Without even attending the convention the Republicans just wrapped up in Cleveland, the first lady found a way to dominate in the most visible way possible; her words anchored the prime time speech of Melania Trump. Like many women of all political persuasions I’ve interviewed through two terms of President Barack Obama and his family in the White House, the wife of Republican presidential nominee Donald Trump found inspiration and something relatable in Michelle Obama.
Ask those who have viewed the video of the first lady’s “carpool karaoke” on an appearance on “The Late Late Show with James Corden,” having fun with Corden and Missy Elliott and delivering a serious message about her Let Girls Learn initiative to educate girls around the globe.
Hillary Clinton has said she is not as gifted a campaigner as her husband, Bill Clinton, or President Obama. She could have added Michelle Obama to that list. She has the touch; she can connect. On Monday, she will use that gift to support the candidate who was her husband’s rival in 2008. Barack Obama’s legacy will depend on Hillary Clinton’s success in November.
How will she best be used as a surrogate after this week? Appearing side by side is tricky, given some suggestions that Michelle Obama should consider a run of her own, following the Clinton playbook. She could appear before the African-American female voters Clinton needs to turn out or the young voters she has had trouble attracting. With her crossover appeal, where Michelle Obama goes hardly matters. That she will be visible is essential.
On Monday, she will also be called on to be peacemaker, with dissent in the Democratic Party brewing. Also scheduled to speak is Bernie Sanders, who gave Clinton a run for her money in the primaries.

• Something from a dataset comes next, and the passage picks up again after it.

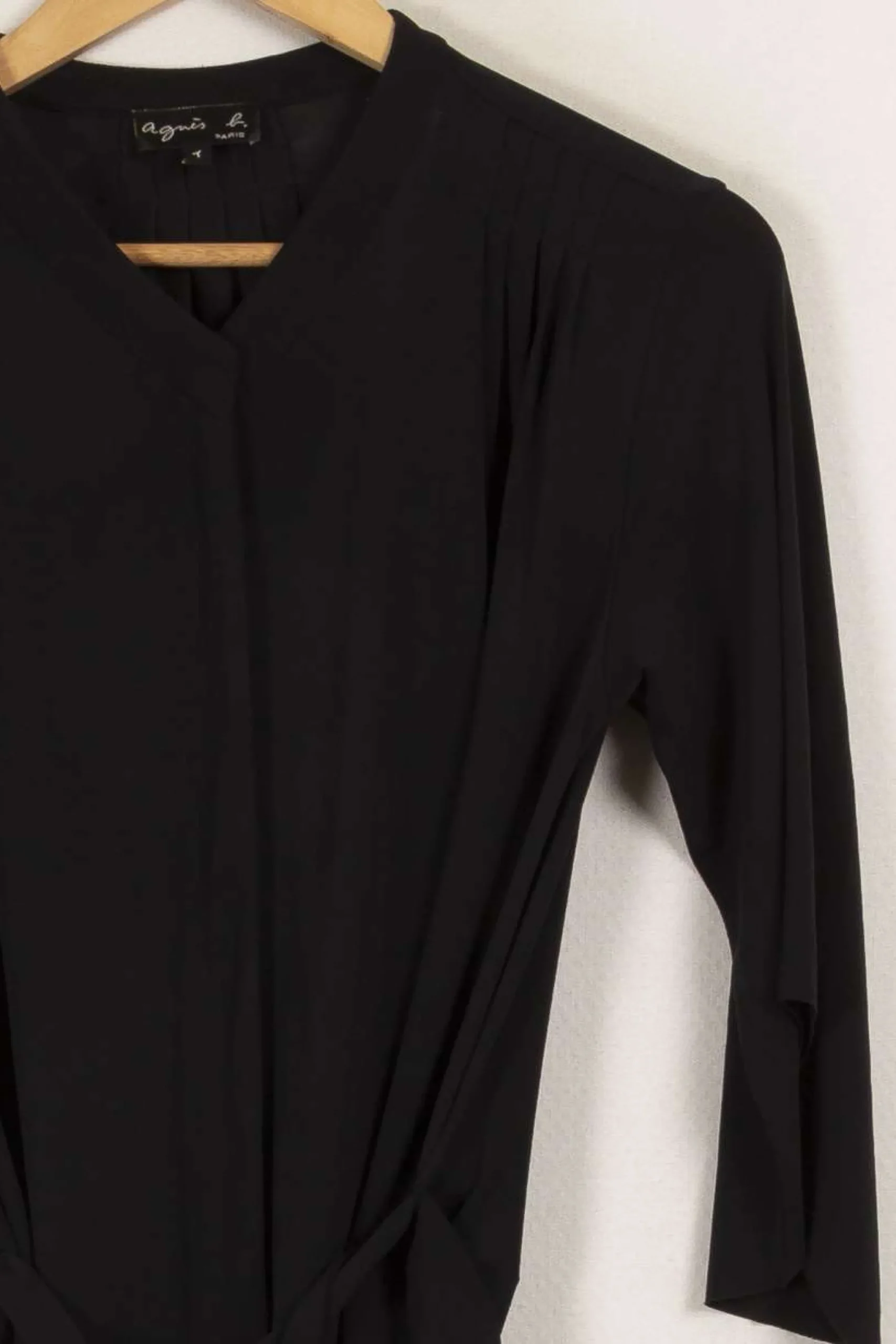 Fashion Agnès b. Chemise e - Taille S/36 Noir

He has endorsed Clinton and really does not want a Donald Trump presidency. That, he’s made clear.
But Sanders and his supporters are none too happy about leaked Democratic National Committee emails that show staffers disparaging him and his campaign. DNC chairwoman Debbie Wasserman Schultz is stepping down after the convention. Sanders would also have preferred to see someone other than Tim Kaine in the VP spot.

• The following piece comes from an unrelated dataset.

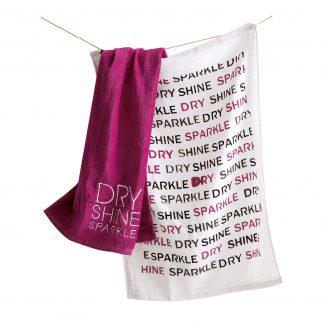 Rythmos Sparkle - Σετ Πετσετεσ Κουζίνας 2Τεμ Βελουτε 45X65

So will anticipation of Michelle Obama blunt the fissures in any way, as viewers wonder if she will slip in a sly Melania joke, reprise a Stevie Wonder verse or emphasize her own work in the White House, from healthy eating programs to helping military families. And admit it, people will also be looking to see what she will be wearing, as she made a statement in 2012 with her highly praised speech and a Tracy Reese pink dress.

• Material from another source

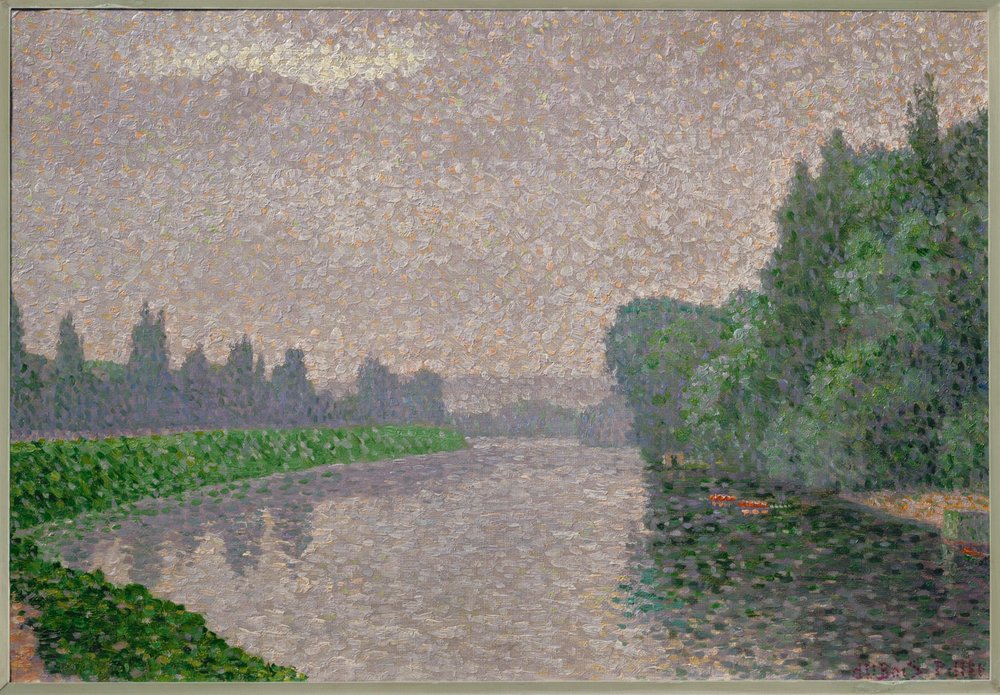 The River Marne at Dawn by Albert Dubois-Pillet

The country has gotten to know her, especially as she has shared personal and poignant parts of her life story at commencement speeches, several in front of first-generation graduates of historically black colleges and universities.
It is one of hard work that triumphs over adversity, reflected in her journey from a false caricature of an “angry black woman” through criticism from conservatives who thought she did too much to some feminists who thought she didn’t do enough and from some who believed that her proud and beautiful African-American “self” did not “fit.”
She has broken the mold and set a new standard, and, in the process, has become President Obama’s not-so-secret weapon. Will she do the same in what promises to be a bruising campaign for Hillary Clinton? All eyes and ears will be looking for that pivot, starting on Monday night in Philadelphia.